| yj_trans {scales} | R Documentation |
The Yeo-Johnson transformation is a flexible transformation that is similiar
to Box-Cox, boxcox_trans(), but does not require input values to be greater
than zero.
yj_trans(p)
p |
Transformation exponent, |
The transformation takes one of four forms depending on the values of y and \lambda.

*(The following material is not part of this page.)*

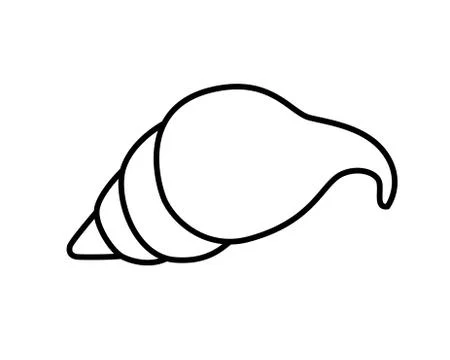 Cone-shaped seashell - vector linear picture for coloring. Illustrazione stock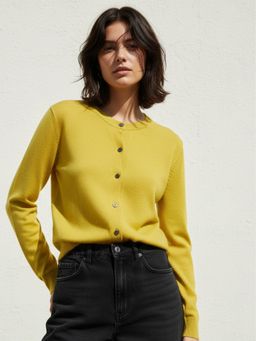 Outzidr - Women Mustard Full Sleeve Front Buttoned Slouchy Cardigan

y \ge 0 and \lambda \neq 0 :
y^{(\lambda)} = \frac{(y + 1)^\lambda - 1}{\lambda}
y \ge 0 and \lambda = 0:
y^{(\lambda)} = \ln(y + 1)
y < 0 and \lambda \neq 2:
y^{(\lambda)} = -\frac{(-y + 1)^{(2 - \lambda)} - 1}{2 - \lambda}
y < 0 and \lambda = 2:
y^{(\lambda)} = -\ln(-y + 1)
Yeo, I., & Johnson, R. (2000). A New Family of Power Transformations to Improve Normality or Symmetry. Biometrika, 87(4), 954-959. http://www.jstor.org/stable/2673623
plot(yj_trans(-1), xlim = c(-10, 10))
plot(yj_trans(0), xlim = c(-10, 10))
plot(yj_trans(1), xlim = c(-10, 10))
plot(yj_trans(2), xlim = c(-10, 10))